If I'm right in saying that the power supply requires a minimum load of 100mA then it won't work properly at light loads. If the load is <100mA then the output voltage might be a lot higher than the rating, it could even shut down or oscillate.
 
That's got nothing to do with what I'm saying.

If I'm right in saying that the power supply requires a minimum load of 100mA then it won't work properly at light loads.
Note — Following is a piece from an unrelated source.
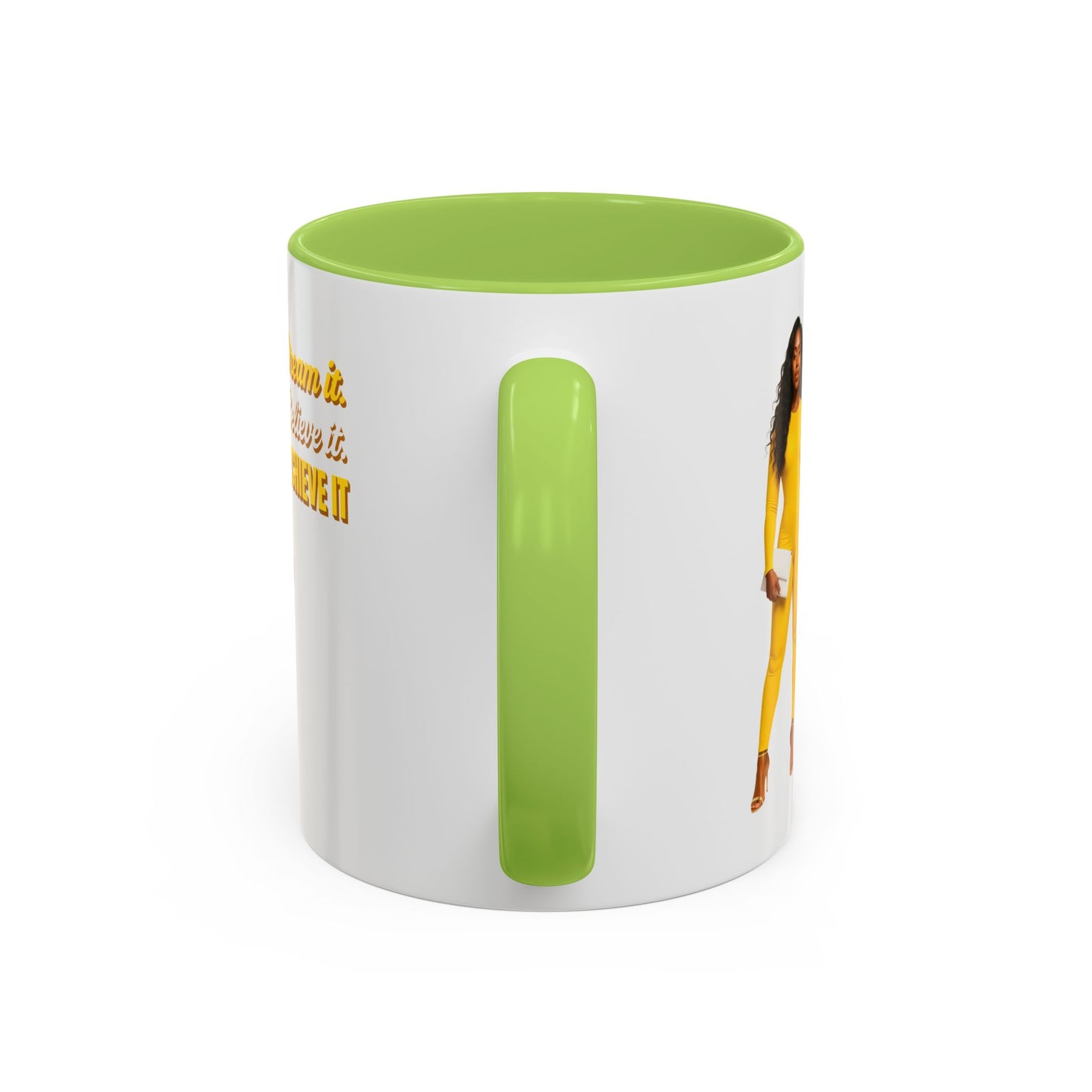 Inspiring Accent Coffee Mug - Dream It, Believe It, Achieve It, Motivational Gift, Coffee Lovers, Home Office Decor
If the load is <100mA then the output voltage might be a lot higher than the rating, it could even shut down or oscillate.
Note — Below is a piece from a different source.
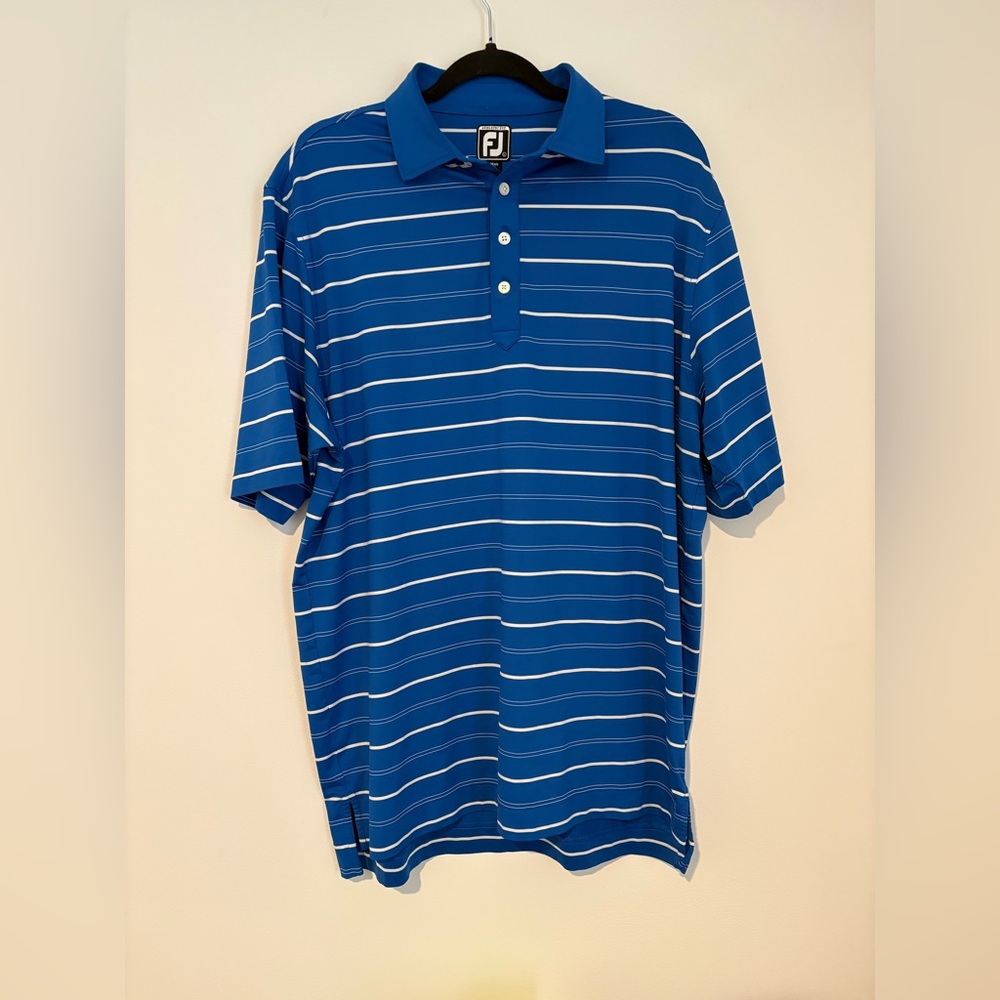 FootJoy Men’s Striped Polo Blue White Golf Shirt Athletic Fit - Size Large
yeah i know i jjust said something that i made yeah i know what u said so i am all good. its just i dont have any electronics classes in school so i dont know the theory on electronics i just kind of looked at schematic and i said i coulod built it so here i am today
 
I can believe that, the older technology red to green LEDs seem to be more abuse tolerant.
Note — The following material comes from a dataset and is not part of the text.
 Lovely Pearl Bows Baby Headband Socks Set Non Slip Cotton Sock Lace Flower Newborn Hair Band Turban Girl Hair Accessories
Lol, this is slightly off topic but I can remember seeing the first blue LED in the Maplin catalogue back in around 1995. It was about £4 which is about US $8. I don't know what that is in today's money but it's a hell of a lot for a single diffused 5mm blue LED that only emmited about 0.6mcd!
 
I can believe that, the older technology red to green LEDs seem to be more abuse tolerant.

Lol, this is slightly off topic but I can remember seeing the first blue LED in the Maplin catalogue back in around 1995. It was about £4 which is about US $8. I don't know what that is in today's money but it's a hell of a lot for a single diffused 5mm blue LED that only emmited about 0.6mcd!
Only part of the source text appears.